▶ Exercise aim
Exactly as written, set down the lines from the top of the entries through the line bearing "Elliott Auto Group", with every picture left out.

▶ Given data
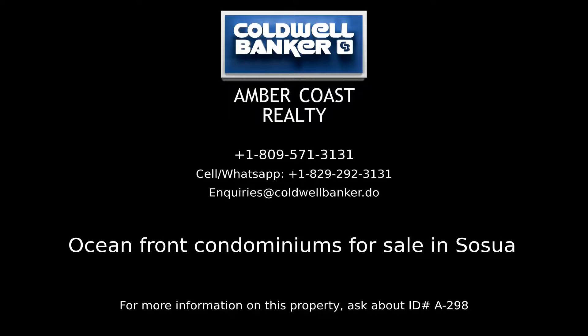For more information on this listing, please contact Amber Coast Realty, your real estate professionals in the Dominican Republic.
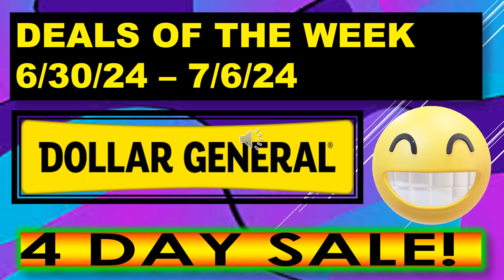That's all I have for my Dollar General Deals of the Week running June 30th through July 6th. Hope everyone's able to go out and get some really great deals on that four-day sale. If you liked the video, I hope you give me a thumbs up. I hope you'll become a subscriber. Thanks for watching and I'll see you on my next video.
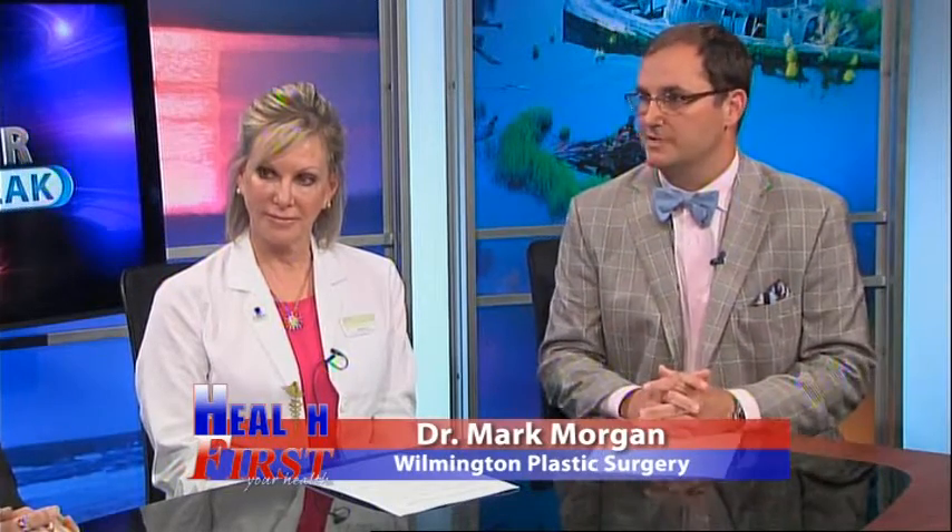When people think of Wilmington Plastic Surgery, they usually think of surgical procedures, but you do a lot of non-surgical procedures. Tell us about that. Well, that's right — it's an exciting time in plastic surgery. We really have more non-surgical options than ever before.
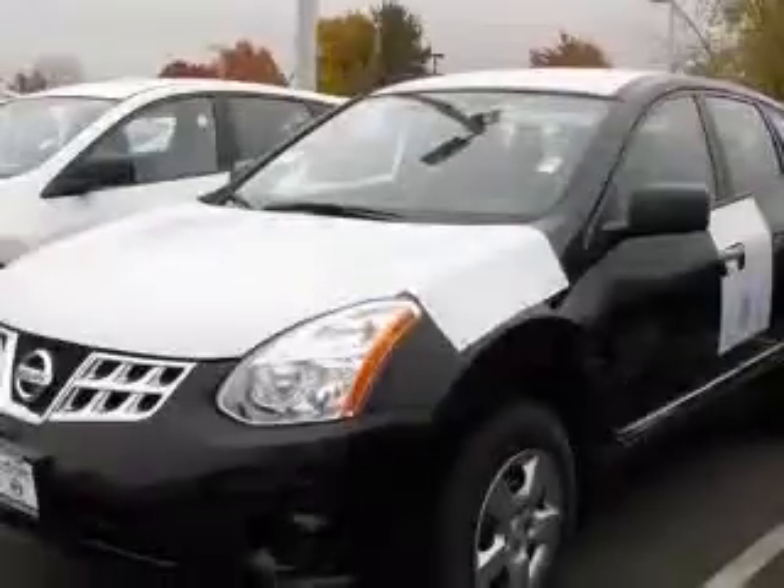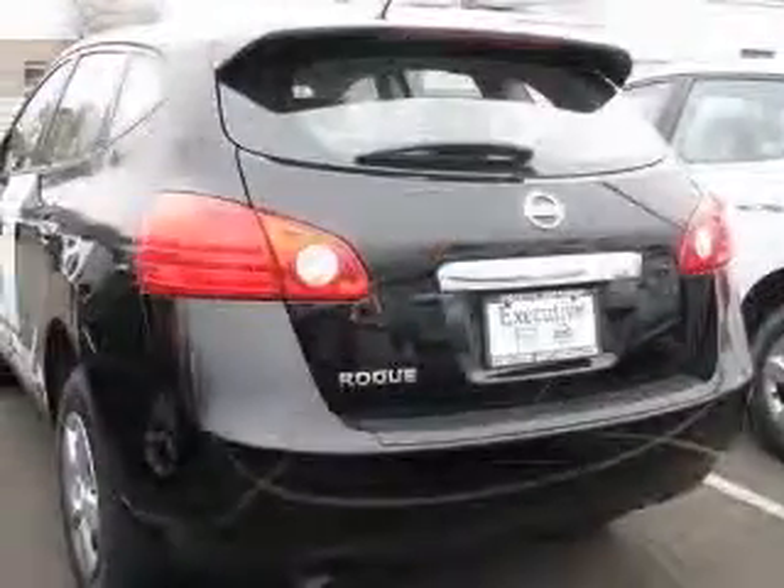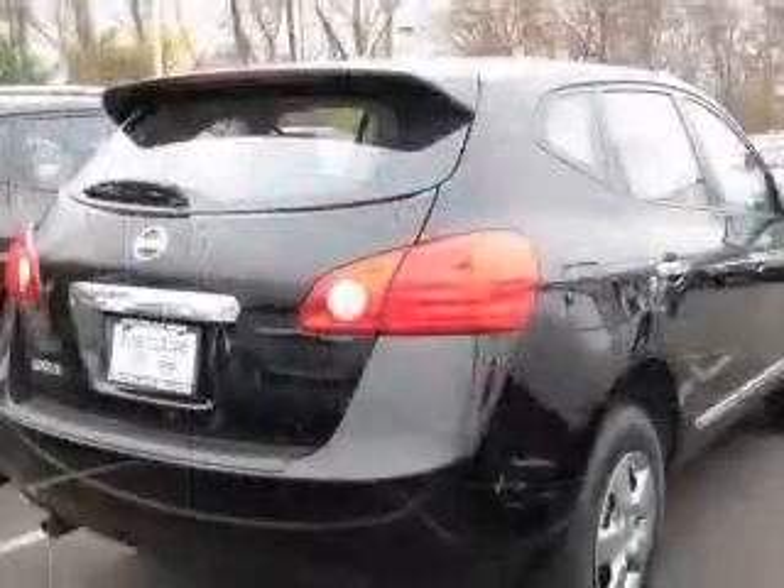This vehicle has a super black exterior and includes the following options: four-wheel ABS brakes, air conditioning, center console, full-width covered storage.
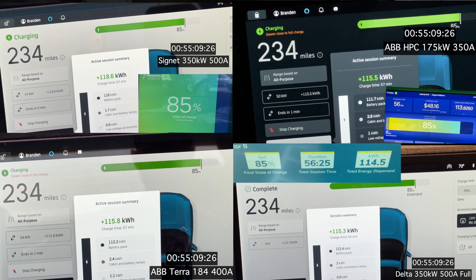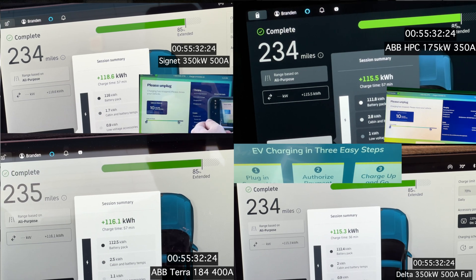The lower right Delta unit finished first, then seconds later the Cignet upper left, then the ABB 175, and then the lower left Terra 184 finishes shortly after. Now let me wrap it up with the data: the Delta unit charged in 54 minutes 41 seconds. The Cignet charged in 55 minutes 13 seconds. The ABB 150 kilowatt labeled Electrify America, actually a 175 kilowatt unit, finished in 55 minutes 13 seconds. And the ABB Terra 184 finished in 55 minutes 30 seconds.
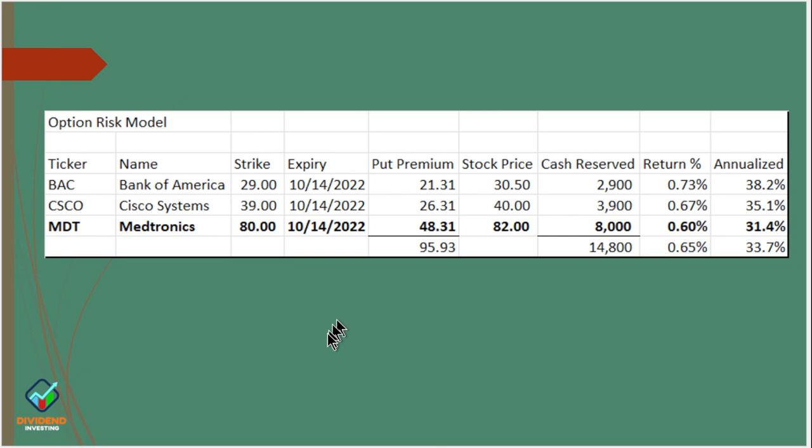Now I want to take you into this new options account, show you the options that I bought, and then talk about what the rewards and risks are. This new account is a Roth IRA with about $32,000 in it — I wanted to learn more about options, so I'm focusing that IRA strictly on options. I picked three stocks — Bank of America, Cisco Systems, and Medtronic — and I picked strike prices where I wouldn't mind owning these stocks, with an expiration of October 14th, only one week out. I ended up with put premiums of $21, $26, and $48 — a total of about $96 in premiums this week.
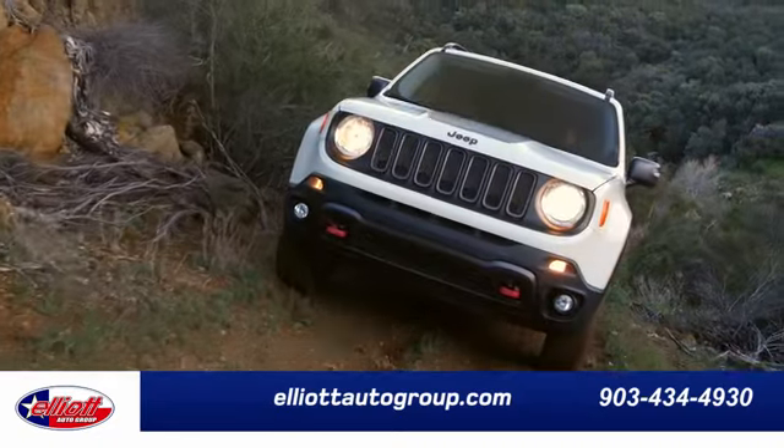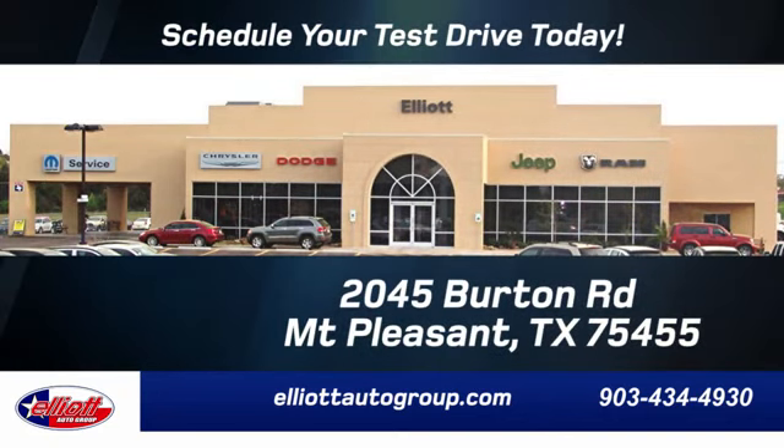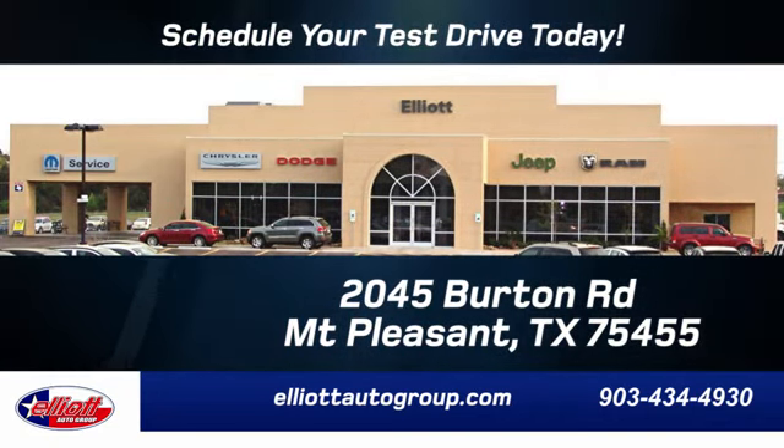Elliott Auto Group — we don't do things the old way, we do them the right way. Schedule your test drive today. We are located just off I-30 on Burton Road in Mount Pleasant.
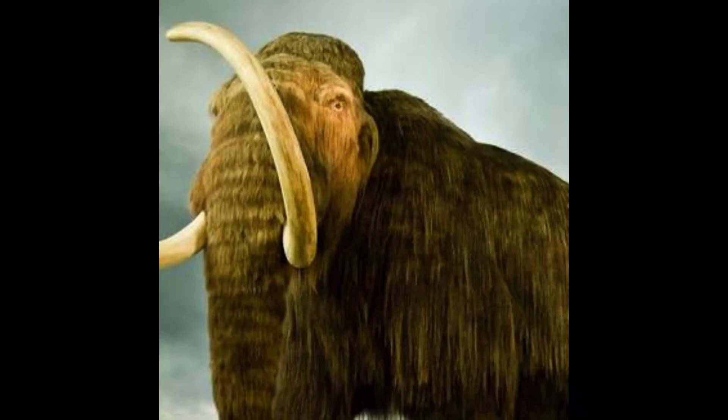These ancient creatures roamed across various parts of North America, Eurasia, and even some islands in the North Atlantic. They were adapted to live in cold and grassy tundra environments, using their tusks for various tasks, including digging for food, defending against predators, and foraging.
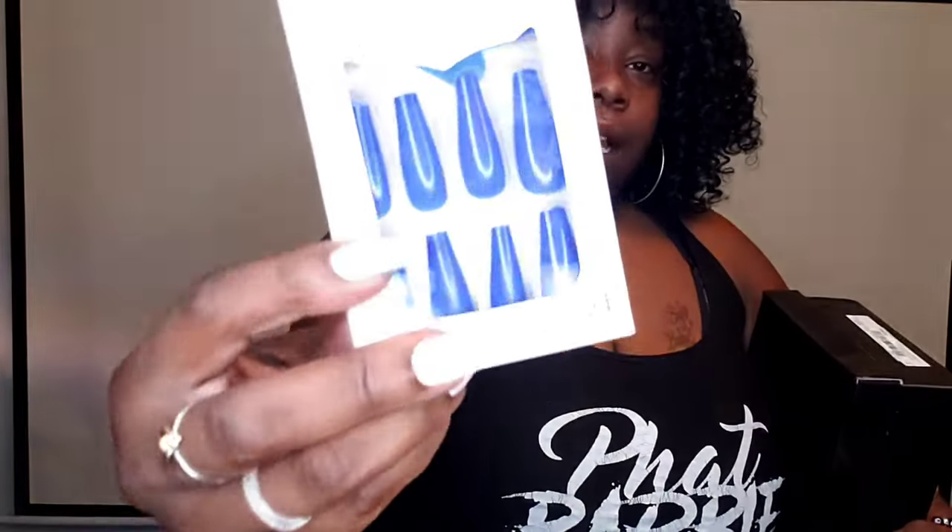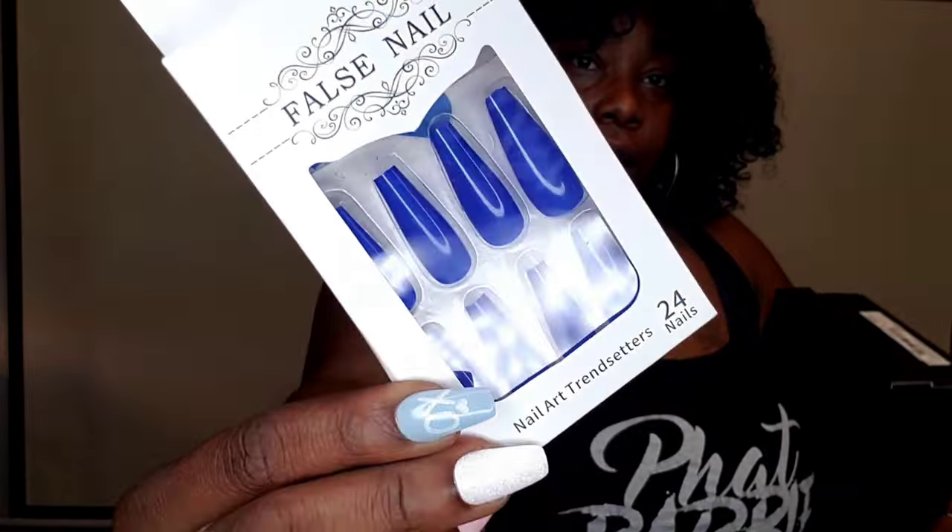Okay, so we're going to get started. I'm going to pull out some stuff and try some things on. Get ready. So first thing — actually not clothing necessarily — but I got these nails, and they are really good quality, y'all.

▶ Task solution
For more information on this listing, please contact Amber Coast Realty, your real estate professionals in the Dominican Republic.
That's all I have for my Dollar General Deals of the Week running June 30th through July 6th. Hope everyone's able to go out and get some really great deals on that four-day sale. If you liked the video, I hope you give me a thumbs up. I hope you'll become a subscriber. Thanks for watching and I'll see you on my next video.
When people think of Wilmington Plastic Surgery, they usually think of surgical procedures, but you do a lot of non-surgical procedures. Tell us about that. Well, that's right — it's an exciting time in plastic surgery. We really have more non-surgical options than ever before.
This vehicle has a super black exterior and includes the following options: four-wheel ABS brakes, air conditioning, center console, full-width covered storage.
The lower right Delta unit finished first, then seconds later the Cignet upper left, then the ABB 175, and then the lower left Terra 184 finishes shortly after. Now let me wrap it up with the data: the Delta unit charged in 54 minutes 41 seconds. The Cignet charged in 55 minutes 13 seconds. The ABB 150 kilowatt labeled Electrify America, actually a 175 kilowatt unit, finished in 55 minutes 13 seconds. And the ABB Terra 184 finished in 55 minutes 30 seconds.
Now I want to take you into this new options account, show you the options that I bought, and then talk about what the rewards and risks are. This new account is a Roth IRA with about $32,000 in it — I wanted to learn more about options, so I'm focusing that IRA strictly on options. I picked three stocks — Bank of America, Cisco Systems, and Medtronic — and I picked strike prices where I wouldn't mind owning these stocks, with an expiration of October 14th, only one week out. I ended up with put premiums of $21, $26, and $48 — a total of about $96 in premiums this week.
Elliott Auto Group — we don't do things the old way, we do them the right way. Schedule your test drive today. We are located just off I-30 on Burton Road in Mount Pleasant.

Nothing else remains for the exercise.